Bento XVI foi mais do que o “papa teólogo”. Detentor de uma profunda vida intelectual, falava sete idiomas e era um exímio pianista. Foi membro associado da Académie des Sciences Morales et Politiques do Institut de France. Recebeu inúmeros doutorados Honoris causa e viveu com profundidade os desafios de seu tempo e combateu heresias contemporâneas como a Teologia da Libertação.
Ainda em 1984, enquanto era prefeito da Congregação para a Doutrina da Fé, antigo Tribunal da Santa Inquisição, advertiu, em uma instrução escrita por ele e aprovada pelo então papa João Paulo II, contra os “perigos de desvio, prejudiciais à fé e à vida cristã, inerentes a certas formas da teologia da libertação que usam, de maneira insuficientemente crítica, conceitos assumidos de diversas correntes do pensamento marxista”.
Em 2004, quando ainda era cardeal, travou em Munique, na Alemanha, o famoso debate com pensador da Escola de Frankfurt, Jüngen Habermas, sobre temas como pressupostos do Direito, formas de poder, Estado democrático, fé e razão, posteriormente transformados no célebre livro Dialética da Secularização.
Neste encontro, o futuro papa Bento XVI colocou no topo de seu texto o título O que mantêm o mundo unido, refletindo contra a razão prática do pensamento secular pós-metafísico de Habermas, e tratando da realidade do ser humano como criatura e filho de Deus, este, pois, anterior então à comunidade em que vive e se aperfeiçoa.
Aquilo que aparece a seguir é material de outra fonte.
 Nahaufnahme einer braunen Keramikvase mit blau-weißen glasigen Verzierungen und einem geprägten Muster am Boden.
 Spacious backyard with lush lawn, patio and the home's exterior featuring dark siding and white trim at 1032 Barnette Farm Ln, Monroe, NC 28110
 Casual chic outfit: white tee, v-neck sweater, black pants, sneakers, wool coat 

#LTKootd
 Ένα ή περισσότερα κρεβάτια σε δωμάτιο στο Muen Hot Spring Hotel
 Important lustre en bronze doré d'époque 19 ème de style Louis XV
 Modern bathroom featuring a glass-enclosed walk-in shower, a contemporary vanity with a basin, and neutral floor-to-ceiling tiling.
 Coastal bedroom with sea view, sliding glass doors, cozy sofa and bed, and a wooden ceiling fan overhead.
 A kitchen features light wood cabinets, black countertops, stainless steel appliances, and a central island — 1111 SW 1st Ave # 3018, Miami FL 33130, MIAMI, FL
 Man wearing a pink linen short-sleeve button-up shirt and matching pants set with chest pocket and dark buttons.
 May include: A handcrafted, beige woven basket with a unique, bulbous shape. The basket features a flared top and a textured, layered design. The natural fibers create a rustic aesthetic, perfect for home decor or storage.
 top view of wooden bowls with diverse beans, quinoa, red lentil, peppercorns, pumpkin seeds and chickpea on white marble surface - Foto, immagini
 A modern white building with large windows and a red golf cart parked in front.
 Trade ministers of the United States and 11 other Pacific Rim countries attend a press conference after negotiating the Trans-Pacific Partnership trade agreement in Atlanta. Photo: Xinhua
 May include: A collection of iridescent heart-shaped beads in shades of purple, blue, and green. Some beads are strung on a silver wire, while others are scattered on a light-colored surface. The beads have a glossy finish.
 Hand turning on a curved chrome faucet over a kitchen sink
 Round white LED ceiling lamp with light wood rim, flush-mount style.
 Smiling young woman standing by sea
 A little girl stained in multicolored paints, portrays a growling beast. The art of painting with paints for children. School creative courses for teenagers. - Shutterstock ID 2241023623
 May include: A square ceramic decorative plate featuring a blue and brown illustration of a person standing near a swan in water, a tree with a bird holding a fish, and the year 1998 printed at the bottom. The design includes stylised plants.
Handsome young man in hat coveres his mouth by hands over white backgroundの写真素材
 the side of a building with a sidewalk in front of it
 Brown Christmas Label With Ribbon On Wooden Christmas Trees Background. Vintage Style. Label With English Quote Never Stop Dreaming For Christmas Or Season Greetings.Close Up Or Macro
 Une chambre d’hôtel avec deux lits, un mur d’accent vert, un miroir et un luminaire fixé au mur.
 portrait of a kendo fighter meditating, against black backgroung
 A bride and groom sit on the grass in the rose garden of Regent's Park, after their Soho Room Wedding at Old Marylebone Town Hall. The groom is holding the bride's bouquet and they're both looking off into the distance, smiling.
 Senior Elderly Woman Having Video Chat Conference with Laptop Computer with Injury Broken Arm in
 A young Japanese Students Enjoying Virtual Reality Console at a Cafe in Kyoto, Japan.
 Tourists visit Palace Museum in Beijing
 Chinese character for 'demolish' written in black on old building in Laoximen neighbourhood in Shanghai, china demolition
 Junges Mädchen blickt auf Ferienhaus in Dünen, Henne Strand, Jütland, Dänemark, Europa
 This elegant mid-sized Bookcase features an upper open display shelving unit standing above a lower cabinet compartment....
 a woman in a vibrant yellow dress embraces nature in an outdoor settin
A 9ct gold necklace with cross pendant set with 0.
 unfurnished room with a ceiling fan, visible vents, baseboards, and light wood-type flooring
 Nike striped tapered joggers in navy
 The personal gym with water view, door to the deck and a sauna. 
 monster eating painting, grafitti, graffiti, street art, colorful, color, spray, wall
Um pensamento de matriz aristotélico-tomista em sua raiz.
Antes, porém, quando alguns ainda criticavam a encíclica Fides et Ratio, de 1998, de São João Paulo II, a qual tratava de Santo Tomás de Aquino e a conciliação entre fé e a razão, “as duas asas as quais o homem eleva-se à contemplação da verdade”, Ratzinger se dispôs a debater sobre a verdade da religião cristã contra os marxistas ateus. Tanto era verdade que na revista italiana de esquerda MicroMega, na edição de 2000, Ratzinger foi citado como a “quintessência da ortodoxia católica”.
Na época, o cardeal alemão debateu com o filósofo ateu Paolo Flores d`Arcais sobre as fronteiras das crenças no Teatro Quirino de Roma, transmitido para quase duas mil pessoas que não conseguiram adentrar o recinto para ver o debate. Na ocasião, Ratzinger disse que “Se examinarmos a história da Igreja, nela se manifesta, de forma permanente, a fraqueza humana, e o paradoxo da Igreja é que, apesar de todas estas carências, o Evangelho vive e continua presente”.
Bento XVI morreu no dia 31 de dezembro, dia da Memória de São Silvestre, papa, cuja luta deu-se contra heresias de seu tempo contra o donatismo e o arianismo que causavam graves danos ao povo cristão. Bento XVI lutou também, mesmo escondido em seus últimos anos, em oração, contra as heresias de seu tempo. Mesmo fraco de saúde, apesar de toda a carência física que o debilitara desde 2013, seu legado permanecerá vivo e presente.
Lucas Daniel Tomáz de Aquino é tradutor e professor de Filosofia.